Sebelumnya, Rujito ditangkap karena diduga terlibat kasus korupsi proyek pengurukan tanah di Kantor Dinas Pertanian di Panglima Sudirman Lamongan pada tahun 2017 silam, saat itu ia sebagai Pejabat Pembuat Komitmen (PPK) yang juga merupakan Sekretaris Dinas TPHP. Sementara Zainuri juga ditangkap dengan kasus yang sama, dimana saat itu dirinya sebagai kontraktor yang memenangkan lelang tender melalui Layanan Pengadaan System Elektronik (LPSE).
Berdasar keterangan Jaksa Penuntut Umum (JPU), atas proyek pengurugan yang dilakukan Rujito dan Zaenuri, negara mengalami kerugian ditaksir mencapai Rp 564 juta. Karenanya, keduanya terancam pidana penjara minimal empat tahun dan maksimal 20 tahun.
Terdakwa (Rujito dan Zaenuri) mengikuti persidangan secara virtual dari Lembaga Pemasyarakatan (Lapas) Kelas II B Lamongan. Sedangkan JPU dan penasihat hukum (PH) berada di PN Surabaya. Beberapa anggota keluarga terdakwa juga tampak hadir di pengadilan untuk menyaksikan jalannya persidangan.
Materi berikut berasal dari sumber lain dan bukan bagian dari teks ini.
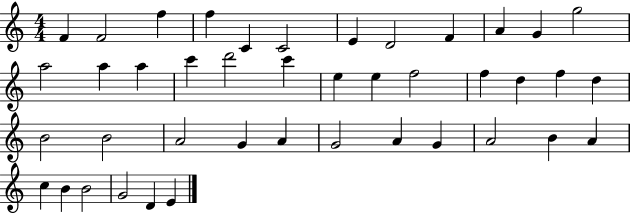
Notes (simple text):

F4/q F4/h F5/q F5/q C4/q C4/h E4/q D4/h F4/q A4/q G4/q G5/h A5/h A5/q A5/q C6/q D6/h C6/q E5/q E5/q F5/h F5/q D5/q F5/q D5/q B4/h B4/h A4/h G4/q A4/q G4/h A4/q G4/q A4/h B4/q A4/q C5/q B4/q B4/h G4/h D4/q E4/q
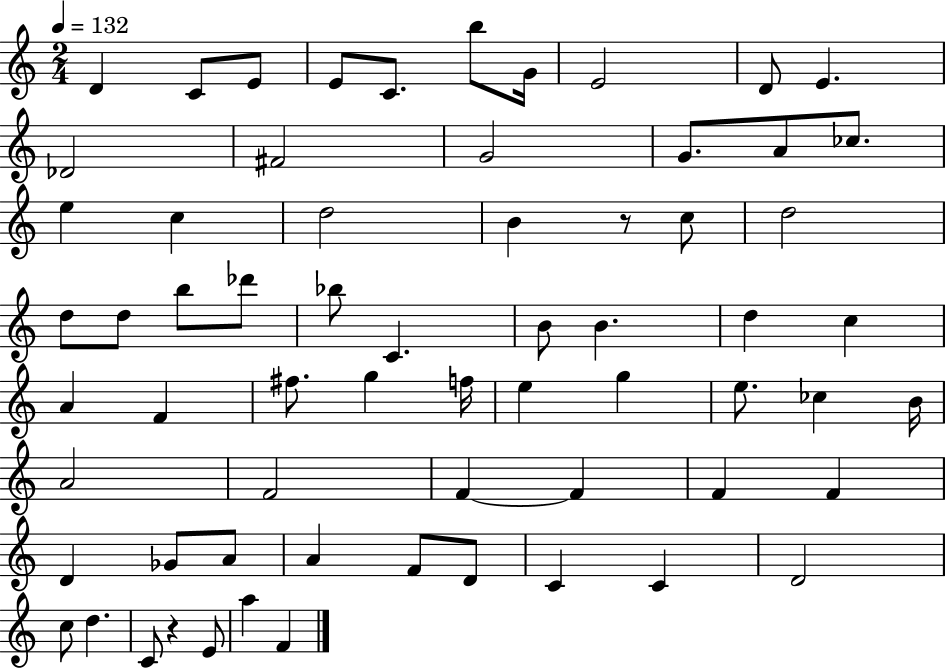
{
  \clef treble
  \numericTimeSignature
  \time 2/4
  \key c \major
  \tempo 4 = 132
  d'4 c'8 e'8 | e'8 c'8. b''8 g'16 | e'2 | d'8 e'4. | \break des'2 | fis'2 | g'2 | g'8. a'8 ces''8. | \break e''4 c''4 | d''2 | b'4 r8 c''8 | d''2 | \break d''8 d''8 b''8 des'''8 | bes''8 c'4. | b'8 b'4. | d''4 c''4 | \break a'4 f'4 | fis''8. g''4 f''16 | e''4 g''4 | e''8. ces''4 b'16 | \break a'2 | f'2 | f'4~~ f'4 | f'4 f'4 | \break d'4 ges'8 a'8 | a'4 f'8 d'8 | c'4 c'4 | d'2 | \break c''8 d''4. | c'8 r4 e'8 | a''4 f'4 | \bar "|."
}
Agenda sidang terhadap keduanya pembacaan dakwaan. Jaksa mendakwa Rujito dan Zaenuri dengan pasal berlapis. Yakni Pasal 2 dan Pasal 3 UU nomor 20 Tahun 2001, tentang Pemberantasan Tindak Pidana Korupsi.
Atas dakwaan tersebut, terdakwa Rujito diwakili PH-nya mengajukan eksepsi. Sedangkan terdakwa Zaenuri tidak keberatan atas dakwaan dari jaksa, tutur Kasi Pidana Khusus (Pidsus) Kejaksaan Negeri (Kejari) Lamongan Anton Wahyudi
Sebab, menurut kami, dakwaan yang dibacakan JPU tadi cermat dan tidak jelas, papar Prayogo.
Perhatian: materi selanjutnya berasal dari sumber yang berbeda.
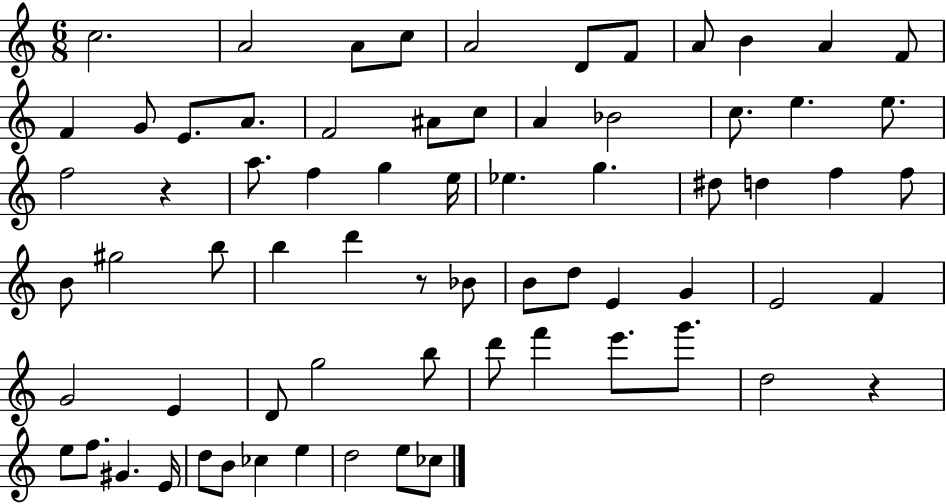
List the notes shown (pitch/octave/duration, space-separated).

Dikatakannya tidak cermat, karena JPU salah menggunakan dasar pengambilan sampel audit dalam penerapan kerugian negara.
Seharusnya yang berhak menghitung kerugian negara dalam proyek urugan ini adalah Badan Pemeriksa Keuangan (BPK), bukan instansi dibawahnya. Hal tersebut sebagaimana amanat SEMA No. 4 tahun 2016, tuturnya.
Kemudian, lanjut Prayogo, yang lebih penting selain itu ialah unsur tindak pidana yang didakwakan JPU dalam dakwaan kesatu dan kedua adalah sama.
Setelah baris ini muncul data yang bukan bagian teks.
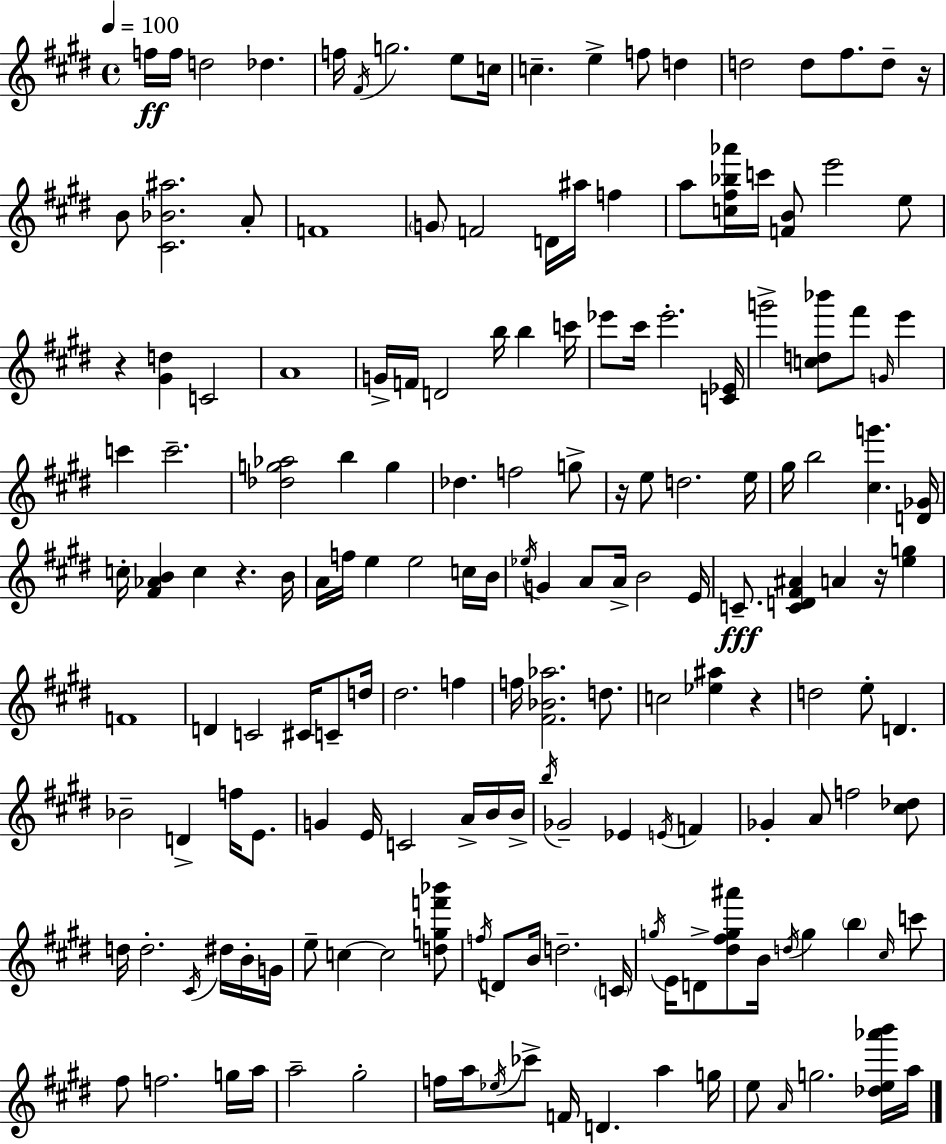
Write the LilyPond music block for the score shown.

{
  \clef treble
  \time 4/4
  \defaultTimeSignature
  \key e \major
  \tempo 4 = 100
  f''16\ff f''16 d''2 des''4. | f''16 \acciaccatura { fis'16 } g''2. e''8 | c''16 c''4.-- e''4-> f''8 d''4 | d''2 d''8 fis''8. d''8-- | \break r16 b'8 <cis' bes' ais''>2. a'8-. | f'1 | \parenthesize g'8 f'2 d'16 ais''16 f''4 | a''8 <c'' fis'' bes'' aes'''>16 c'''16 <f' b'>8 e'''2 e''8 | \break r4 <gis' d''>4 c'2 | a'1 | g'16-> f'16 d'2 b''16 b''4 | c'''16 ees'''8 cis'''16 ees'''2.-. | \break <c' ees'>16 g'''2-> <c'' d'' bes'''>8 fis'''8 \grace { g'16 } e'''4 | c'''4 c'''2.-- | <des'' g'' aes''>2 b''4 g''4 | des''4. f''2 | \break g''8-> r16 e''8 d''2. | e''16 gis''16 b''2 <cis'' g'''>4. | <d' ges'>16 c''16-. <fis' aes' b'>4 c''4 r4. | b'16 a'16 f''16 e''4 e''2 | \break c''16 b'16 \acciaccatura { ees''16 } g'4 a'8 a'16-> b'2 | e'16 c'8.--\fff <c' d' fis' ais'>4 a'4 r16 <e'' g''>4 | f'1 | d'4 c'2 cis'16 | \break c'8-- d''16 dis''2. f''4 | f''16 <fis' bes' aes''>2. | d''8. c''2 <ees'' ais''>4 r4 | d''2 e''8-. d'4. | \break bes'2-- d'4-> f''16 | e'8. g'4 e'16 c'2 | a'16-> b'16 b'16-> \acciaccatura { b''16 } ges'2-- ees'4 | \acciaccatura { e'16 } f'4 ges'4-. a'8 f''2 | \break <cis'' des''>8 d''16 d''2.-. | \acciaccatura { cis'16 } dis''16 b'16-. g'16 e''8-- c''4~~ c''2 | <d'' g'' f''' bes'''>8 \acciaccatura { f''16 } d'8 b'16 d''2.-- | \parenthesize c'16 \acciaccatura { g''16 } e'16 d'8-> <dis'' fis'' g'' ais'''>8 b'16 \acciaccatura { d''16 } g''4 | \break \parenthesize b''4 \grace { cis''16 } c'''8 fis''8 f''2. | g''16 a''16 a''2-- | gis''2-. f''16 a''16 \acciaccatura { ees''16 } ces'''8-> f'16 | d'4. a''4 g''16 e''8 \grace { a'16 } g''2. | \break <des'' e'' aes''' b'''>16 a''16 \bar "|."
}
Sedangkan pasal pidana yang didakwakan berbeda. Atas fakta rumusan dakwaan JPU tersebut, maka kami menilai dakwaan tersebut kabur, tidak cermat, dan cacat hukum, ujar Prayogo.
Berdasarkan Pasal 143 ayat (3), yang menegaskan surat dakwaan yang tidak memenuhi ketentuan sebagaimana dimaksud dalam ayat (2) huruf b, maka batal demi hukum, pungkas Prayoyo Laksono.